### TASK INSTRUCTIONS
Can you retype every record below exactly as written?

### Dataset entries
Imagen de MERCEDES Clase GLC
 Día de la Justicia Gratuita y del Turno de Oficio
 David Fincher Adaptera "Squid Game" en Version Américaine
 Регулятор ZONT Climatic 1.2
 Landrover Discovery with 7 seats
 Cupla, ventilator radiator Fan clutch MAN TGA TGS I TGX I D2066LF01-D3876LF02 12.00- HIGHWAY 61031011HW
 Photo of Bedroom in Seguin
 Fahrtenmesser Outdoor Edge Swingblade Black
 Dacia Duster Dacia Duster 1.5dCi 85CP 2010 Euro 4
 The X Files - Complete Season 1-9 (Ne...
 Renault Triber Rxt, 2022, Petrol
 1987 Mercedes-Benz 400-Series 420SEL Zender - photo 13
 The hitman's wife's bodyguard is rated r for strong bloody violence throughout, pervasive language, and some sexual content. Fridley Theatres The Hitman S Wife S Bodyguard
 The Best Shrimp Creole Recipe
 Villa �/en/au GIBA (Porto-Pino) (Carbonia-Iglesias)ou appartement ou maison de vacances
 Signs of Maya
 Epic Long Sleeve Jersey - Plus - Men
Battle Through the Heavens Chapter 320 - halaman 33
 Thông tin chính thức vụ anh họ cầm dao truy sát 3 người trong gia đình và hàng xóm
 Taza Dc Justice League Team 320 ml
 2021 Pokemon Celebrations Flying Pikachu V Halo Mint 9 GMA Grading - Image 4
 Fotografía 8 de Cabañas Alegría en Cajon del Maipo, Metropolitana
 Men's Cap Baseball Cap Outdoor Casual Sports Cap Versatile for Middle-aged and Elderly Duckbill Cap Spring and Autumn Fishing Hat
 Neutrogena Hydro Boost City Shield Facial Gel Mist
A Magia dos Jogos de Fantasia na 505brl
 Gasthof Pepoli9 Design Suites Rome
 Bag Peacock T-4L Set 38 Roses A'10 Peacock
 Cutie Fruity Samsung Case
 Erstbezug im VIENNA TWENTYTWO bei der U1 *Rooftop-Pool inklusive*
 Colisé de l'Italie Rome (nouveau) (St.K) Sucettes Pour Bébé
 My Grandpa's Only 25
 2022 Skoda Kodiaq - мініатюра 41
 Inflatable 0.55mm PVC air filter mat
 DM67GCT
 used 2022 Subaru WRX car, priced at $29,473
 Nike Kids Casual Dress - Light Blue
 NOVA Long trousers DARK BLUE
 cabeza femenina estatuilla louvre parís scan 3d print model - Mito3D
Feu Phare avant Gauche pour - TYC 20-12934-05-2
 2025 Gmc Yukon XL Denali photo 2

### ANSWER SECTION
Imagen de MERCEDES Clase GLC
 Día de la Justicia Gratuita y del Turno de Oficio
 David Fincher Adaptera "Squid Game" en Version Américaine
 Регулятор ZONT Climatic 1.2
 Landrover Discovery with 7 seats
 Cupla, ventilator radiator Fan clutch MAN TGA TGS I TGX I D2066LF01-D3876LF02 12.00- HIGHWAY 61031011HW
 Photo of Bedroom in Seguin
 Fahrtenmesser Outdoor Edge Swingblade Black
 Dacia Duster Dacia Duster 1.5dCi 85CP 2010 Euro 4
 The X Files - Complete Season 1-9 (Ne...
 Renault Triber Rxt, 2022, Petrol
 1987 Mercedes-Benz 400-Series 420SEL Zender - photo 13
 The hitman's wife's bodyguard is rated r for strong bloody violence throughout, pervasive language, and some sexual content. Fridley Theatres The Hitman S Wife S Bodyguard
 The Best Shrimp Creole Recipe
 Villa �/en/au GIBA (Porto-Pino) (Carbonia-Iglesias)ou appartement ou maison de vacances
 Signs of Maya
 Epic Long Sleeve Jersey - Plus - Men
Battle Through the Heavens Chapter 320 - halaman 33
 Thông tin chính thức vụ anh họ cầm dao truy sát 3 người trong gia đình và hàng xóm
 Taza Dc Justice League Team 320 ml
 2021 Pokemon Celebrations Flying Pikachu V Halo Mint 9 GMA Grading - Image 4
 Fotografía 8 de Cabañas Alegría en Cajon del Maipo, Metropolitana
 Men's Cap Baseball Cap Outdoor Casual Sports Cap Versatile for Middle-aged and Elderly Duckbill Cap Spring and Autumn Fishing Hat
 Neutrogena Hydro Boost City Shield Facial Gel Mist
A Magia dos Jogos de Fantasia na 505brl
 Gasthof Pepoli9 Design Suites Rome
 Bag Peacock T-4L Set 38 Roses A'10 Peacock
 Cutie Fruity Samsung Case
 Erstbezug im VIENNA TWENTYTWO bei der U1 *Rooftop-Pool inklusive*
 Colisé de l'Italie Rome (nouveau) (St.K) Sucettes Pour Bébé
 My Grandpa's Only 25
 2022 Skoda Kodiaq - мініатюра 41
 Inflatable 0.55mm PVC air filter mat
 DM67GCT
 used 2022 Subaru WRX car, priced at $29,473
 Nike Kids Casual Dress - Light Blue
 NOVA Long trousers DARK BLUE
 cabeza femenina estatuilla louvre parís scan 3d print model - Mito3D
Feu Phare avant Gauche pour - TYC 20-12934-05-2
 2025 Gmc Yukon XL Denali photo 2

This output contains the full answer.